Ramon left El Salvador in 2002 and a year later, Rosario Reyes began the difficult journey to meet him in Maryland. This path included days of traveling until she crossed the U.S.-Mexico border.
"My husband and I, we were afraid. We wanted to get away from the criminality," she said.
Rosario Reyes and her family are among the 4 million undocumented immigrants who could be allowed to live and work legally in the United States without the constant fear of deportation.
A decision could come this week if the U.S. Supreme Court rules in favor of President Barack Obama's immigration actions in the landmark case United States v. Texas.
FILE - Immigration activists demonstrate at the Supreme Court in Washington in support of President Barack Obama's executive order to grant relief from deportation in order to keep immigrant families together, March 18, 2016.
The case focuses on Obama's 2014 Deferred Action for Parents of Americans and Lawful Permanent Residents, or DAPA, and the expansion of the 2012 Deferred Action for Childhood Arrivals, known as DACA.
The measures would protect young immigrants from deportation if they were brought to the U.S. illegally as children. They would also extend deportation protections to undocumented parents of U.S. citizens and permanent residents who have been in the country for some years. Both actions would allow them to work legally for a period of two years subject to renewal.
A lawsuit brought by 26 states, led by Texas, as well as congressional Republicans, challenged the executive orders and argued that Obama did not have the power to effectively change immigration laws.
A federal judge in Texas agreed to hear the challenge brought by those states and these executive orders have been on hold since 2015.
In April, the Supreme Court heard both sides in the case.
Texas Solicitor General Scott Keller, arguing for the lawsuit, called the president's order "one of the largest immigration changes" in American history, saying the program defers deportations and changes a person's immigration status since it allows undocumented immigrants to obtain work authorizations.
U.S. Solicitor General Donald Verrilli, Jr. argued the government's case. He said the phrase "lawful presence," that means being in the United States legally, could be removed from the language in the executive orders without changing their impact.
The president said he took the executive actions after Congress failed to overhaul the immigration system.

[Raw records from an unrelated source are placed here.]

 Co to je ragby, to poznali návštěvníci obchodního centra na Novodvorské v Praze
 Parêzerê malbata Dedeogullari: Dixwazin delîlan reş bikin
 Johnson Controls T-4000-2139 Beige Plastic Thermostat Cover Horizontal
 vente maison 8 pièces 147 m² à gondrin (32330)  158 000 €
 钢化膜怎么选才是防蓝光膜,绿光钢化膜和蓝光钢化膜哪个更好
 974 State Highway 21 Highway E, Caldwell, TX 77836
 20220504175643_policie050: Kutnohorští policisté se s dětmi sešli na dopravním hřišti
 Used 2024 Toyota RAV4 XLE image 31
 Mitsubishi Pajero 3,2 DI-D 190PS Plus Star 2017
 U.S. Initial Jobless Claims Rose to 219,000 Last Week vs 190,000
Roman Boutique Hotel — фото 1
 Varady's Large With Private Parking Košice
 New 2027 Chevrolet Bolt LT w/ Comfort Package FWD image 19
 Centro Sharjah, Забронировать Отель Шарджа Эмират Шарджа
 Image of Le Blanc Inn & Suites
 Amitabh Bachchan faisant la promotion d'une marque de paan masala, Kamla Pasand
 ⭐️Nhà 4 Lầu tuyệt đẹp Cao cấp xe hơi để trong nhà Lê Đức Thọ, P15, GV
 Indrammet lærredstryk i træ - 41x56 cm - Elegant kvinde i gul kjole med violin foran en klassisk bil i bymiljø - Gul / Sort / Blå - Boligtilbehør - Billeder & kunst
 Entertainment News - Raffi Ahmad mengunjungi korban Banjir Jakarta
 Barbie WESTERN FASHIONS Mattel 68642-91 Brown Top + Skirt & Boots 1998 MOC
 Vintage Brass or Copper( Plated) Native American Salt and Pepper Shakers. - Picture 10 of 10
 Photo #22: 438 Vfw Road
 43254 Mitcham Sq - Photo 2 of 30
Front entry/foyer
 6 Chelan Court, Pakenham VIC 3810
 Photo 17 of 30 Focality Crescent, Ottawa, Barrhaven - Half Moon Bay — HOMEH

According to the Federal Registry, Obama has issued 244 executive orders between 2009 and 2016. George W. Bush issued 292 executive actions during his two terms as president.
President Barack Obama speaks during a naturalization ceremony at the National Archives in Washington, Dec. 15, 2015.
Supreme Court justices could side with Obama's administration policies and allow the 4 million immigrants who qualify under the executive actions to live and work legally in the U.S.
The high court could also agree with a lower court's ruling, which froze the immigration actions, and these executive orders would likely remain stalled.
The third possibility is a tie. With the death in February of Supreme Court Justice Antonin Scalia, only eight members are on the bench. The lower court's ruling would stand if the outcome ends in a tie.
Rosario Reyes' third child, Victor, was born in 2008 in Maryland. He is the only family member who is a U.S. citizen. Because of Victor, both parents qualify for DAPA.
Even a favorable ruling by the Supreme Court, the 38-year-old mother's plight would still not be over. She had to leave her other sons, Jose and Ricardo, with her mother when she left El Salvador for the U.S.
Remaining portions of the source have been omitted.